- _The problem_: Set down again exactly the lines of the listing below that fall between the line holding "78 McClelland Street, Bell Park VIC 3215" and the line holding "佑美U4跑步機(jī)家庭用", inclusive.

- _Task material_:

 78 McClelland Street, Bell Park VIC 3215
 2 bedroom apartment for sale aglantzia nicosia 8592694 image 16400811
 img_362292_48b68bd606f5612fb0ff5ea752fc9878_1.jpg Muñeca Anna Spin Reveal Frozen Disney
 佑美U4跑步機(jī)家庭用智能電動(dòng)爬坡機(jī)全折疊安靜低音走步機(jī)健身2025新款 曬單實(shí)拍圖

* * *

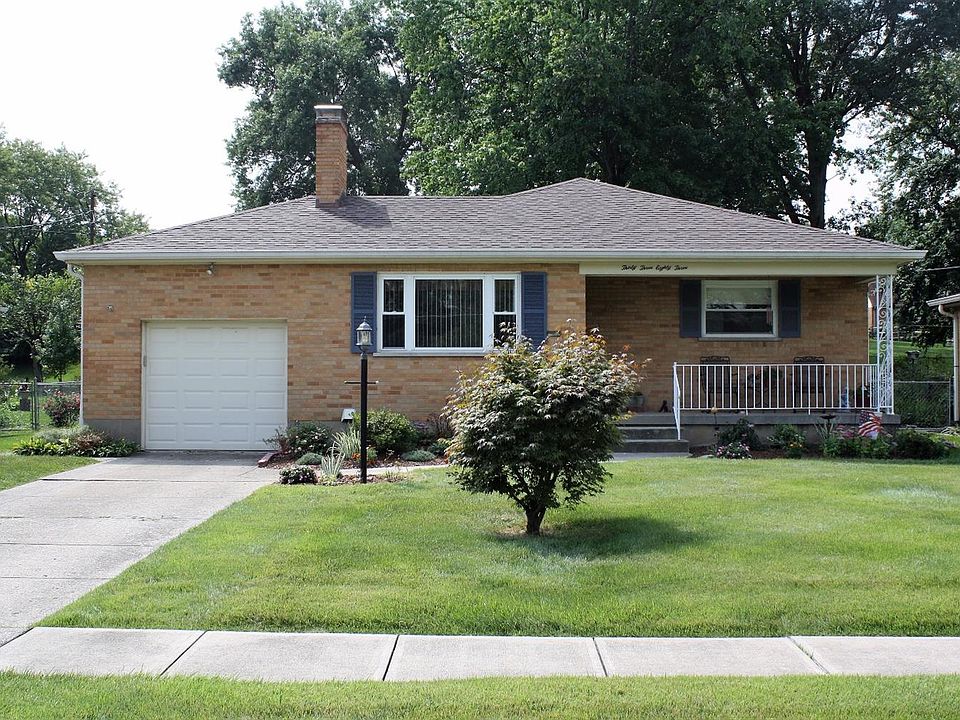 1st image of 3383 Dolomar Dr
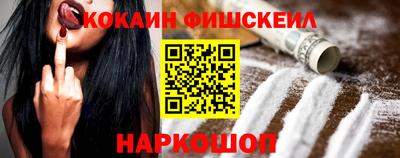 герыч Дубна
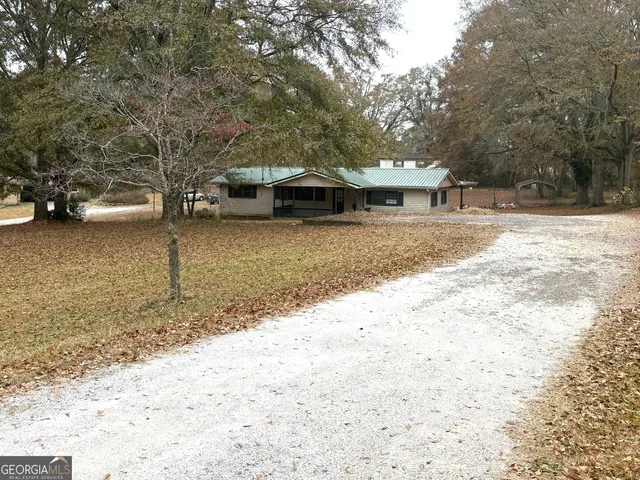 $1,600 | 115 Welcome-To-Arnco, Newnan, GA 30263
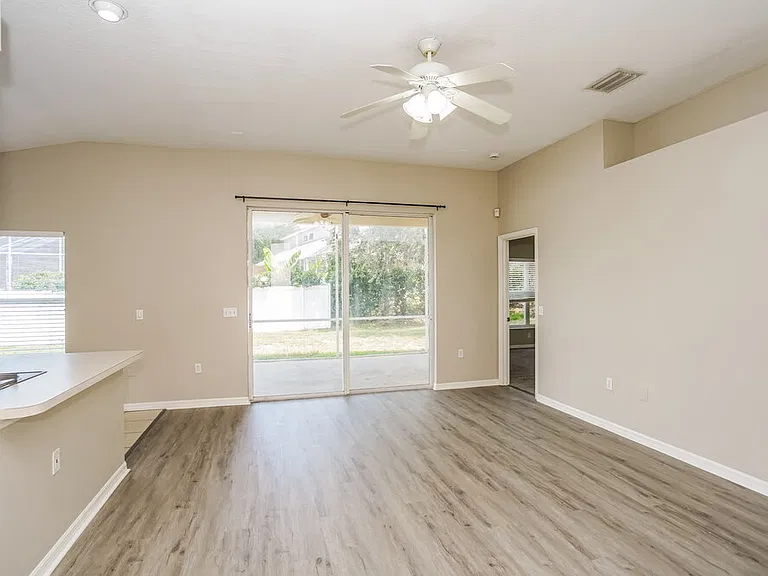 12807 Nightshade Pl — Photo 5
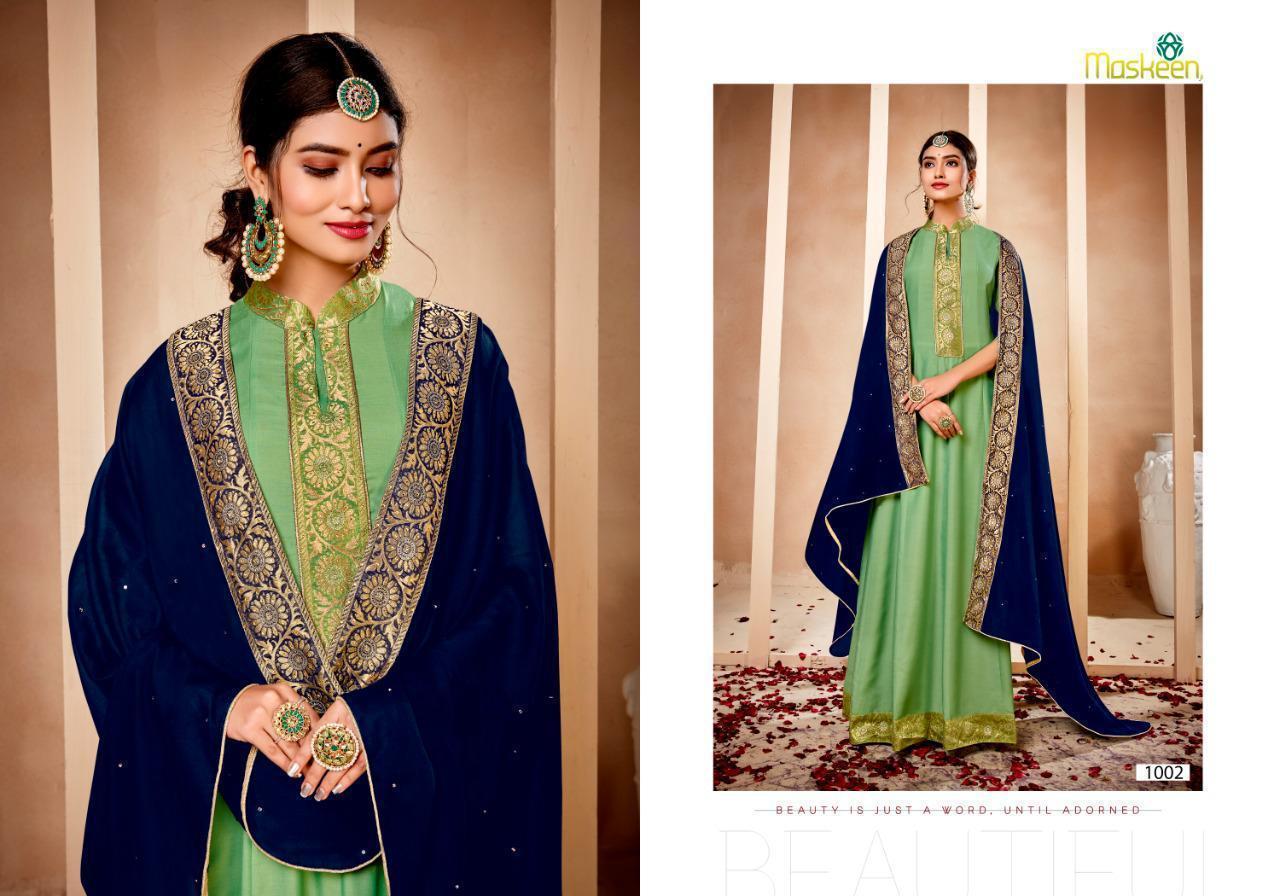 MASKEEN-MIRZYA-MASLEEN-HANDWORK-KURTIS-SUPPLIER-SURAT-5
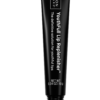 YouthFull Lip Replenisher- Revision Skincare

---

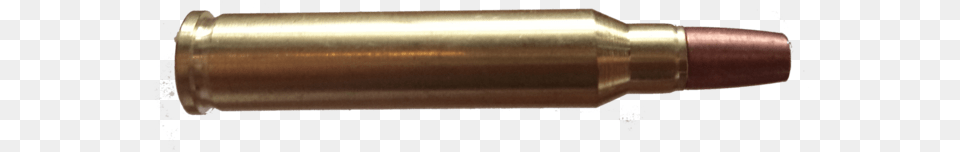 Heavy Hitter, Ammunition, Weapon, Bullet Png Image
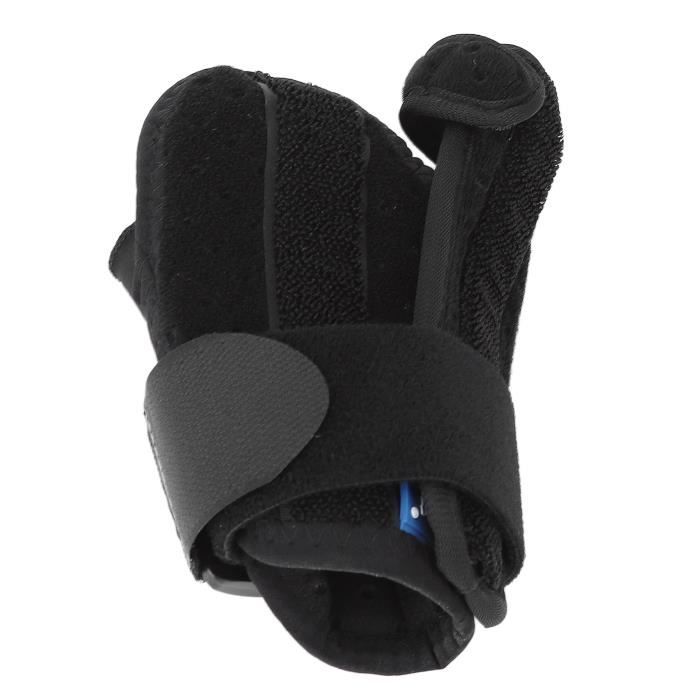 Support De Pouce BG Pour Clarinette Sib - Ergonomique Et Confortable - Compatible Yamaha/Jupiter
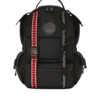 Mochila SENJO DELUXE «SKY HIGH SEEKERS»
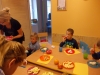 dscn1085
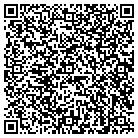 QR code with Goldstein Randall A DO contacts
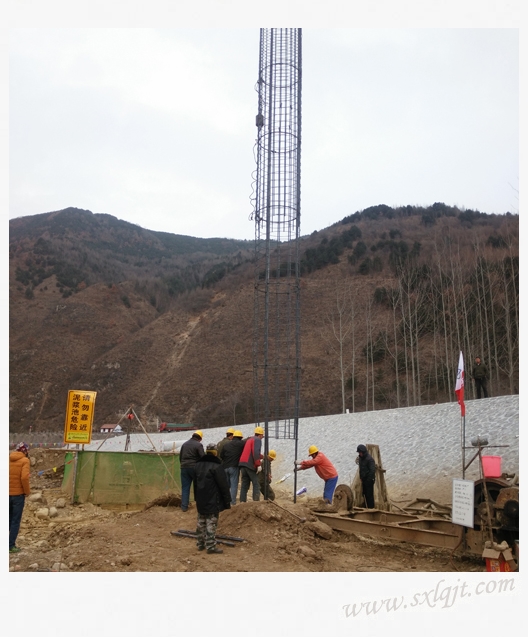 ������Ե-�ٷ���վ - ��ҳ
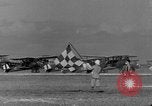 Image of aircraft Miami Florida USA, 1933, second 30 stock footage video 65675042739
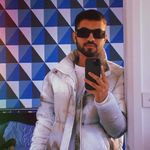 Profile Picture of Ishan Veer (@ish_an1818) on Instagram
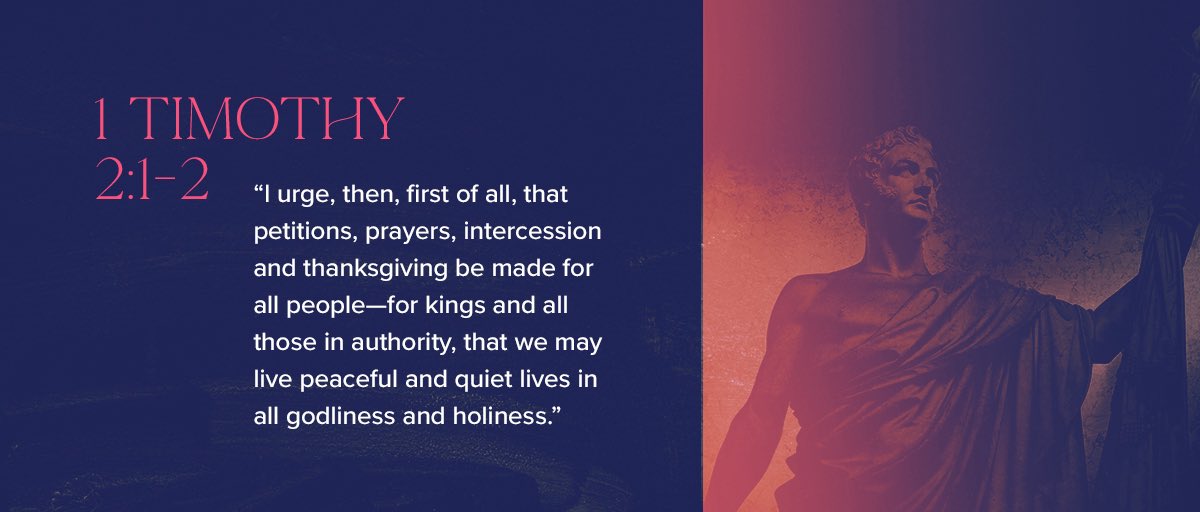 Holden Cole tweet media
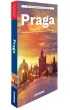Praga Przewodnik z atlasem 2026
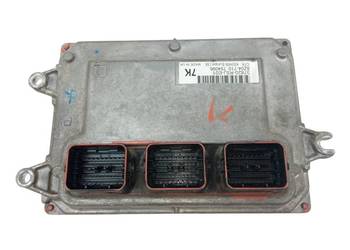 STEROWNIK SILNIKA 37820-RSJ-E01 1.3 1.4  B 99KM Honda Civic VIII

- _Answer to this task_:
 78 McClelland Street, Bell Park VIC 3215
 2 bedroom apartment for sale aglantzia nicosia 8592694 image 16400811
 img_362292_48b68bd606f5612fb0ff5ea752fc9878_1.jpg Muñeca Anna Spin Reveal Frozen Disney
 佑美U4跑步機(jī)家庭用智能電動(dòng)爬坡機(jī)全折疊安靜低音走步機(jī)健身2025新款 曬單實(shí)拍圖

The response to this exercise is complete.